Just to offer a starting point for an alternative approach, we could allow identifiers that begin with a hash and end with a colon (like #samples:) to be assignments, and the same token without the colon (#samples) to be a reference. The text format would then provide a simple grammar for assigning an explicit number or string literal to a name:

(#PI: 3.141)

Thereafter, the compiler would just blindly swap every instance of the first token (minus the colon) for the second one.

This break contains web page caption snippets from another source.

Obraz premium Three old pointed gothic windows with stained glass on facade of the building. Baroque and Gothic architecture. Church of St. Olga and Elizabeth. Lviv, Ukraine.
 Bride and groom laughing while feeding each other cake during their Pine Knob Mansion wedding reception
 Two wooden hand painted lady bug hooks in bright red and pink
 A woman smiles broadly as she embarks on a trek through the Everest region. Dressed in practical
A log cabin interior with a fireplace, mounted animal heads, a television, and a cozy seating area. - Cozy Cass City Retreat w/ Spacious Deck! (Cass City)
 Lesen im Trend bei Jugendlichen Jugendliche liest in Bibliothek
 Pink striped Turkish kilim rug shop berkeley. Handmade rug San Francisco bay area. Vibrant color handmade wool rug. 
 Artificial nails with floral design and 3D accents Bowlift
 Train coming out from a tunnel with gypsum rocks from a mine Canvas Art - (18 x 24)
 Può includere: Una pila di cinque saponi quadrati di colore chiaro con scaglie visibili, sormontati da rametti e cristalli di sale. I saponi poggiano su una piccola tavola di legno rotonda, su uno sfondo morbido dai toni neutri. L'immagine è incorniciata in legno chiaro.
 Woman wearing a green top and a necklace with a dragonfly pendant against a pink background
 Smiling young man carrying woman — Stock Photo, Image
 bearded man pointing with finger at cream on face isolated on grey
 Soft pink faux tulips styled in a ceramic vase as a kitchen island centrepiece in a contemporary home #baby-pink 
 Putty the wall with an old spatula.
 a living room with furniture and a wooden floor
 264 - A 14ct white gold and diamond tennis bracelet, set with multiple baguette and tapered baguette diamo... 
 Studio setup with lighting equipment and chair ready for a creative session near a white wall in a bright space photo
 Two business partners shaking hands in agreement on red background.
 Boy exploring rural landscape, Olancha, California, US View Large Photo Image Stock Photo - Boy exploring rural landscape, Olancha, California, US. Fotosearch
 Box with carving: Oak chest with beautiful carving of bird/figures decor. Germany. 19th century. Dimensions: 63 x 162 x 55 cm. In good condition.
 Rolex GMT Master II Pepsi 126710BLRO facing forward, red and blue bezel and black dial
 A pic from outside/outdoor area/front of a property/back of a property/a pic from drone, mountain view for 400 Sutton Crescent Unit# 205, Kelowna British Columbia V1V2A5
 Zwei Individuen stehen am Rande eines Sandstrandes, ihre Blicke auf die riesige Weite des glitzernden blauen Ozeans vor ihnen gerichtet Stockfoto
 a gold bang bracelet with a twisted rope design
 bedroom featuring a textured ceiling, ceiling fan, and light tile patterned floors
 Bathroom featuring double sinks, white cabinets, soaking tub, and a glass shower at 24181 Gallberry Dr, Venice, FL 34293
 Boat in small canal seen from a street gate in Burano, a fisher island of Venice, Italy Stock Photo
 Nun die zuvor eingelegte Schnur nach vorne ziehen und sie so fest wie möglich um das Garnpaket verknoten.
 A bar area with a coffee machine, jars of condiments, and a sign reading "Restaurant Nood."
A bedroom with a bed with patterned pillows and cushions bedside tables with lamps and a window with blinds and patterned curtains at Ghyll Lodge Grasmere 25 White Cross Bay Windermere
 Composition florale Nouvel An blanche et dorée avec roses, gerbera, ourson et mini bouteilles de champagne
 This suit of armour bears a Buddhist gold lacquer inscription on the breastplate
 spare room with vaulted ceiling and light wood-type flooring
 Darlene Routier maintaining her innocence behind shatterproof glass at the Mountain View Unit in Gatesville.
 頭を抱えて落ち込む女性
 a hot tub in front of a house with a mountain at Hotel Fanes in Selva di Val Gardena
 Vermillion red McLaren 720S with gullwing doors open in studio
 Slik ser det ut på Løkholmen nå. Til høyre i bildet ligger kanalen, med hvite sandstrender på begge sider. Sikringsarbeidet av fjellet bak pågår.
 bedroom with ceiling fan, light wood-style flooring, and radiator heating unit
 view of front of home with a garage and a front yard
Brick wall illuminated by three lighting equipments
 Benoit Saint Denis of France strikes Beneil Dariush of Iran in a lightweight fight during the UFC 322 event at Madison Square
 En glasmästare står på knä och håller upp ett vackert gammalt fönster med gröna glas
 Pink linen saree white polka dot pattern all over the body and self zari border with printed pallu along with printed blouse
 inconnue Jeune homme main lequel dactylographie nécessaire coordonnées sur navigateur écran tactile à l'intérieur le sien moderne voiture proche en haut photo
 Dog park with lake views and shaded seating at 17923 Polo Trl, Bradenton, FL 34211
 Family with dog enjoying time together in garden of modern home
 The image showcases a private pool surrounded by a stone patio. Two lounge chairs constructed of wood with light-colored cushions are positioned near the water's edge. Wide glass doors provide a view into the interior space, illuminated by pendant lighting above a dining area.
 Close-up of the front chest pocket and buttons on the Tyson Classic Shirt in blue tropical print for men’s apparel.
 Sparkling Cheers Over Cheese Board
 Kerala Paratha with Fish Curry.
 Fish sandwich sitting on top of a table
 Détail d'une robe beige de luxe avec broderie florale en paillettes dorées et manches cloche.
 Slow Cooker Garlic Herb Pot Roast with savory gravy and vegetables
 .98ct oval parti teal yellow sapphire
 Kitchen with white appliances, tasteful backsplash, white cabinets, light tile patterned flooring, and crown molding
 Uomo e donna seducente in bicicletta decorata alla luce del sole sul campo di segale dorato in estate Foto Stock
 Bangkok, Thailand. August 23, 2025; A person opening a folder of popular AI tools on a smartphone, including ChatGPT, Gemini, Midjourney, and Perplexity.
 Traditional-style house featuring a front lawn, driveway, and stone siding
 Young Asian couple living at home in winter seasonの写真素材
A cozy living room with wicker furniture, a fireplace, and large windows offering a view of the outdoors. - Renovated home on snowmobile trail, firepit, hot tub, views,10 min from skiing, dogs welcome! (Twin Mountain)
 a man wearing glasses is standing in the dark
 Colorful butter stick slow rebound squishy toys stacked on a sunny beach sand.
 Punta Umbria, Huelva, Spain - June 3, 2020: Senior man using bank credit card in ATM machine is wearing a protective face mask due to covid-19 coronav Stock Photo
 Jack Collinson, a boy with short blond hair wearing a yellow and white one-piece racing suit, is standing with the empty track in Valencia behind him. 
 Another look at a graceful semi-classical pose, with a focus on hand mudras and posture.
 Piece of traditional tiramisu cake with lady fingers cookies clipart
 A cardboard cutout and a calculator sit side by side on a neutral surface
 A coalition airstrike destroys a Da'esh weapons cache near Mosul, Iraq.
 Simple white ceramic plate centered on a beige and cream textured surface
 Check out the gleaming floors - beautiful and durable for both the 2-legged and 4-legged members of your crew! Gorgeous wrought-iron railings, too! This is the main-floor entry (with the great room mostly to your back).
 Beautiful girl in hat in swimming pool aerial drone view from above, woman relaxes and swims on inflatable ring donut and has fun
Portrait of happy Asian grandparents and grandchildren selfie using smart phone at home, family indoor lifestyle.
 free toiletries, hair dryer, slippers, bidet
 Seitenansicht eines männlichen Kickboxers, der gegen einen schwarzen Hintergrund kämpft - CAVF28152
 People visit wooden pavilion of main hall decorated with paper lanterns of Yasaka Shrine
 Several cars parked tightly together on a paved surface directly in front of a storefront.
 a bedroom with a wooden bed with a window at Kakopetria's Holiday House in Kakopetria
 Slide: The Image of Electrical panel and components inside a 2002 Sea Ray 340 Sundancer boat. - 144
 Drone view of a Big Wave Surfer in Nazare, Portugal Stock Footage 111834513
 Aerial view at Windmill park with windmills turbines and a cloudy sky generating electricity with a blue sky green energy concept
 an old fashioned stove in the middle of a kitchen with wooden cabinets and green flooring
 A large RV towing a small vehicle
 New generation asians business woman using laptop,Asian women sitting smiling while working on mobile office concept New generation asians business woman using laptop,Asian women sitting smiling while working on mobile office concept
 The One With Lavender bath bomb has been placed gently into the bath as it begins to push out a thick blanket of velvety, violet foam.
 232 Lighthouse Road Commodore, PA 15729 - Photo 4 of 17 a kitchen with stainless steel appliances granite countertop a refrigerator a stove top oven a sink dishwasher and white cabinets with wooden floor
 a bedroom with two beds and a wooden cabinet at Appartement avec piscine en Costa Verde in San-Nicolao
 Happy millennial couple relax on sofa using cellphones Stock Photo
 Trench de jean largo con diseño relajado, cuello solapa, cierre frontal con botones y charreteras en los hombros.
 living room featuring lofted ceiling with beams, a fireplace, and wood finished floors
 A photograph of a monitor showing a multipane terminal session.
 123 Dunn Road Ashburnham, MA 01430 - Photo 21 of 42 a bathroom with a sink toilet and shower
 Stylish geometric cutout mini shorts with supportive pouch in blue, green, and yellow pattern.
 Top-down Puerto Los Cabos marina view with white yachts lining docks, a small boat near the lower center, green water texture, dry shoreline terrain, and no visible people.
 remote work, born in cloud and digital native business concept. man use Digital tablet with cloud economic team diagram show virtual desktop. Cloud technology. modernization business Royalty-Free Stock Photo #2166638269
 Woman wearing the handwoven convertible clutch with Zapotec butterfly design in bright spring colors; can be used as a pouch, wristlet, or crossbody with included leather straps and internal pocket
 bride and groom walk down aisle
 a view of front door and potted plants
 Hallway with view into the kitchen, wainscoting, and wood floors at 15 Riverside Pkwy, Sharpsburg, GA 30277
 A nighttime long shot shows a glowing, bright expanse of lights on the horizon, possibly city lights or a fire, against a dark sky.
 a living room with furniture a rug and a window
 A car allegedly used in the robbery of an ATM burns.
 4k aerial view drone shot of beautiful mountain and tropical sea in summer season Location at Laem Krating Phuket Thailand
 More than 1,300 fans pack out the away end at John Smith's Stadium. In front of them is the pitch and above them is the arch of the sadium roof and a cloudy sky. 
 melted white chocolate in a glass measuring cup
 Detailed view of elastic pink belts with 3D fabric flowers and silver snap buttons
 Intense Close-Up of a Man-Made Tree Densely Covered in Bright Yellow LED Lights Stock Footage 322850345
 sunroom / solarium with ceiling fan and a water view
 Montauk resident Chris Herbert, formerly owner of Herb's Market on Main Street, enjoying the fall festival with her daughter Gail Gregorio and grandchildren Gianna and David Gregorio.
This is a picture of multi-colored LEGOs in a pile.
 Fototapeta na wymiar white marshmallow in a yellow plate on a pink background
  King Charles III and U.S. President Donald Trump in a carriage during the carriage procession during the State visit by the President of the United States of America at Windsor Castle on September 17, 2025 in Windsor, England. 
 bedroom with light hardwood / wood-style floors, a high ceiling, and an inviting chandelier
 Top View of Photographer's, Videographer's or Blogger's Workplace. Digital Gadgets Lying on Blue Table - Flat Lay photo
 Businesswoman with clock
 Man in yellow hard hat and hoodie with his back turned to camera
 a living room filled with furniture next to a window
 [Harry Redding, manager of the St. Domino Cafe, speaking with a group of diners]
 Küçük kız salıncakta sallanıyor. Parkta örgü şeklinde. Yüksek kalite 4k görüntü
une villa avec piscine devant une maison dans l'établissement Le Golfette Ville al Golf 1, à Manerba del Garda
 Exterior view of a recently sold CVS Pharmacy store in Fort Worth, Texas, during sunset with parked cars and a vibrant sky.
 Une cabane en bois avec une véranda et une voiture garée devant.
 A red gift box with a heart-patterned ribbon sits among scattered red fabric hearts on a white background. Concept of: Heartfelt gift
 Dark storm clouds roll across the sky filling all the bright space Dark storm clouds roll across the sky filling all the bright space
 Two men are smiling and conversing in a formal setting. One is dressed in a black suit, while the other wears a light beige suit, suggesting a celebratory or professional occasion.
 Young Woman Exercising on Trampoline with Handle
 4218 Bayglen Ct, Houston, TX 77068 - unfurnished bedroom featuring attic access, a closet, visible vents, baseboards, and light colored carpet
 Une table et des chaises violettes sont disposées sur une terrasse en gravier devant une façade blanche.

The text format could then also provide any number of ways to assign implicit values to identifiers (as suggested originally):

(module
  (data (offset (i32.const 123)) "foo" #barStr: "bar")
  (func $getBarAddr (result i32)
    (i32.const #barStr)))
(data (offset (i32.const 100))
 "foobar"
  #addr1: (i8 0x00 0x10 0x20 0x30)
  ...
  (i32 #addr1)
  ...
)
(elem (i32.const 0) #name: $func #otherName: $otherFunc $yetAnotherFunc)

I'm not super keen on the hash character. A bang may look nicer (like !name: $funcref and offset=!name). I really just wanted to demonstrate that introducing a different kind of identifier simplifies the syntax (i32.const #barStr instead of i32.const data-addr=$barStr), disambiguates implicit assignments that use a regular identifier (#name: $funcref instead of ($name $funcref)), and permits the assignment of explicit values.

Having the colon be significant, while requiring that it's part of the token, is a bit REBOL, but the text format already does this with stuff like offset=1 (which is a single token). The longest-match rule makes it hard to avoid sometimes.